COLLECTED DATA =>
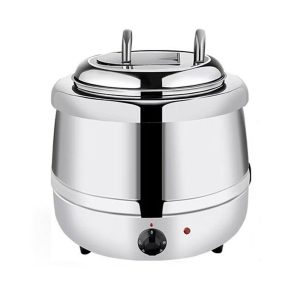 13L Electric Buffet Food Warmer | Commercial Soup Warmer with Stainless Steel Pot & Lid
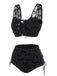 Schwarz 1980er Träger Fledermäuse Netz Gothic Bikini Set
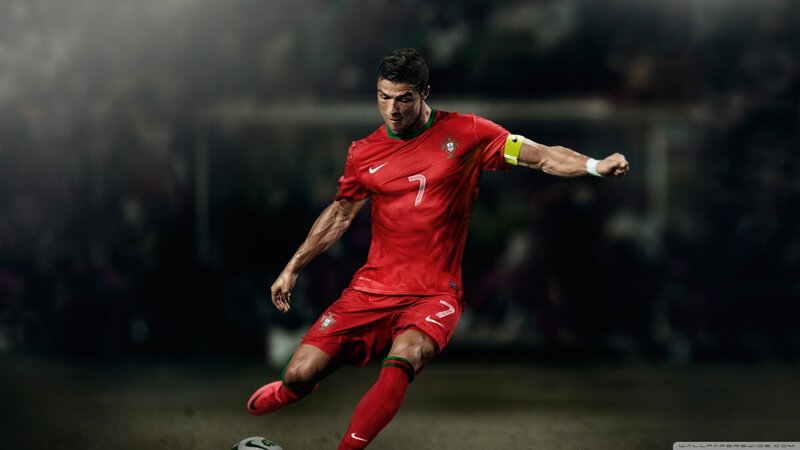 Football Player Kicking Ball — Red, Dramatic, Night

PROBLEM REQUIREMENTS => Retype each line above exactly and leave out any picture.

ANSWER BOX =>
 13L Electric Buffet Food Warmer | Commercial Soup Warmer with Stainless Steel Pot & Lid
 Schwarz 1980er Träger Fledermäuse Netz Gothic Bikini Set
 Football Player Kicking Ball — Red, Dramatic, Night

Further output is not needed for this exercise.